Saturday, November 29, 2008

A home for your hobbies


A well executed service concept can be a great inspiration and Pidilite Hobby Ideas is one such. Recently walked into one their outlets (Bangalore) and besides the amazing range of goodies that Pidilite has put together from across the world, one is struck by the overall service experience.
Hobby ideas is an upstream stationery shop which caters to a host of pastime pursuits – from the regular like painting, sketching etc. to more exotic ones like clay modelling, wood modelling etc. Besides it has accessories that enable even novices like me to produce something which is aesthetically acceptable. There are dye-cuts, punches, glitters, origami papers, and all sorts of things which can take even a simple greeting card to a new level of accomplishment.
It is all put together with enormous care and attention and the excitement one feels is similar to the one in a toyshop for a child!
Moreover, what really caught my imagination is the way they are going about marketing themselves. One can attend a free workshop every evening for 3 hours with a highly skilled Pidilite person and produce a hobby idea (which are all displayed in the store), and they also have a service where one can organize a birthday in a part of the store with a customized workshop where the stuff that the guests produce can be taken home as the return gift. In December they are launching a series of weekly workshops aimed at homemakers and children.
It is this kind of experiential marketing that creates a high degree of loyalty in customers. Pidilite have not gone for a high profile media blitz or an invitation sale, instead they have opted for a more difficult, slow burn path to create a small but dedicated base of customers who have experienced the joy of producing a hobby.
And we all know that it is not so easy for a highly product oriented company to pull something like this off in the service domain.
Have always admired this little gem of a company out of Mumbai for its innovative ways but we will leave that for another post.

Sunday, November 16, 2008

Bharti’s New Identity




Because this blog’s central focus is on brand building for ‘organization brands’, every time a significant corporate brand undergoes a facelift, I am tempted to add my two bits.

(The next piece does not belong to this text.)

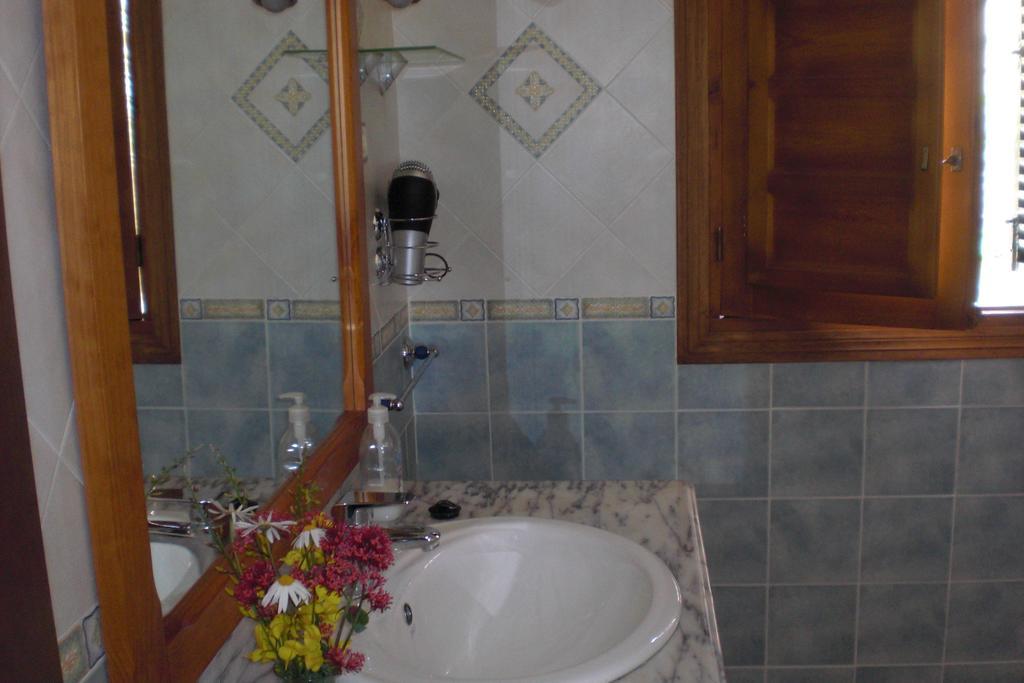 Villa El Emigrante El Chorro Habitación foto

The Bharti Group being the latest one to go in for a new garb.
Frankly, more often than not I have felt that the visual identity changes tend to be taken up without any real change on the ground. In fact, one gets the sense that it is often to create a sense of activity in the absence of any real change on the ground.

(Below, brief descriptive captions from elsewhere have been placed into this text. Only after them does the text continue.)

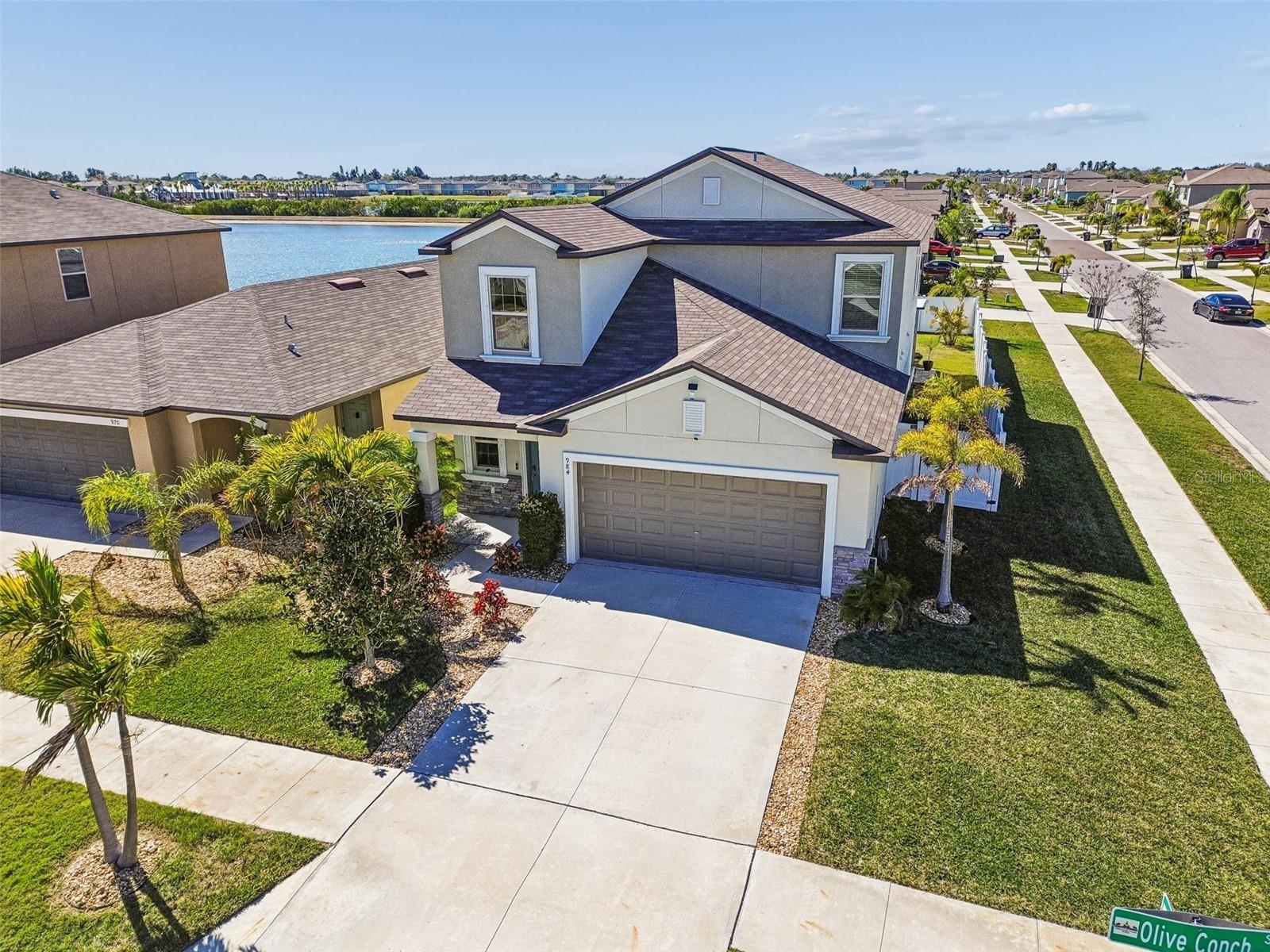 Image 59 of 75 For 984 Olive Conch Street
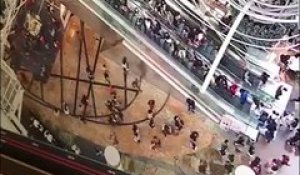 Un escalator fou sème la panique dans un centre commercial de Hong-Kong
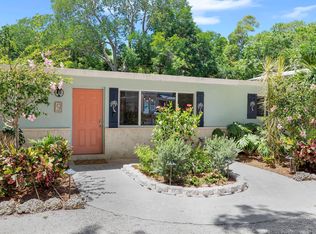 9 Transylvania Ave, Key Largo, FL 33037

However, in the case of Bharti, clearly the organization had transformed way beyond what its earlier identity reminded stakeholders of. There was a clearly a case of underlining that change and getting all the diversified forays of the group underlined in public memory. Having built a hugely successful core business in telephony, the group has also attracted the likes of Wal Mart and Axa to partner with it.
The new logo makes no attempt to maintain continuity with the past, indicative if the trajectory the group’s growth has followed. It is a striking new font in a color that one doesn’t see very often and the subtle idea in the perpendicular arrow-heads is well integrated into the unit.
Having said that, one also wonders whether the group missed out on an opportunity to make the idea work a little harder.
Fundamentally, the new identity, with all its attempts at taking the high ground, fails to capture the uniqueness of the Bharti personality. Part of the reason being the lack of idiosyncrasy in the Bharti group itself. They try very hard to portray a good, responsible big boy image and model themselves on the Sri Rama Archetype much like TATA or Infosys does.
Even the advertising around the new idea is as motherhood as one can get with the core message of ‘small steps resulting in something big’ and using metaphors like Gandhi etc. is nothing but a lazy attempt at creativity, with neither much upside nor much downside (when Apple did 'the crazy ones' more than a decade ago it was an idea and they could pull it off, but subsequently many have tried to ride on it without it really sticking to them). The full page ad Bharti did about a week back, could have belonged to a dozen other success stories of the last decade.
The TV commercial looks more like an a/v one would do for an internal sales meet to kick it off on a high.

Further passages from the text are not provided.